Just writing the book was not enough. It seemed to me important that Habré’s victims should be able to hold a physical copy of the book that tells their story, as if the book could be their record. In order to achieve this, it needed to be in a language that they could understand, and not my language.
Chadian Arabic is a dialect that is not widely understood outside of the Sahel and for that reason I decided to translate it into French (which is fairly widely spoken in Chad). Even that proved to be an enormous challenge. Zed was supportive of the project, but we needed to pay someone a professional rate for a translation. While there is plenty of money available from the French government to translate the works of French authors to reach a wider audience, the UK government does not share the same linguistic paranoia. When it became clear that it was very difficult for a freelancer to apply for select pots of funding, I hatched a plan with ‘African Arguments’ managing editor, Stephanie Kitchen. If I could raise half the cost of the translation (estimated at $4,000) through crowdfunding, the International African Institute (IAI) would match the funding. The IAI is willing to support such endeavours in furtherance of its objectives to disseminate knowledge on, from and within the African continent, and in recognition of the (colonial) barriers to sharing important work across (linguistic) borders. Stephanie also had some excellent links with African publishers, including Sulaiman Adebowale at Dakar-based Amalion. Thanks to the generosity of a wide network of friends, Africanists and Francophone contacts, we hit the target within 6 weeks. We then commissioned Youssoupha Féhé Sarr, Issa Sarr and Marie Ndiaye to carry out the work, and Sulaiman agreed to publish and distribute the published book.

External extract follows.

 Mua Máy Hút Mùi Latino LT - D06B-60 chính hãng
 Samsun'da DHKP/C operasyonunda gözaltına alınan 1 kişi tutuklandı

I am delighted with the finished product – a proper book at an affordable price with a stunning front cover. This French edition is already linked into the burgeoning network of West African bookshops, distributors and of course, readers. Our next challenge is to secure a shipment of the books to Chad, which ironically/annoyingly may still involve having to send them via Europe. I hope to visit N’Djamena in the not too distant future and see this inspiring story on sale on the shelves of the city’s small but vibrant bookshops.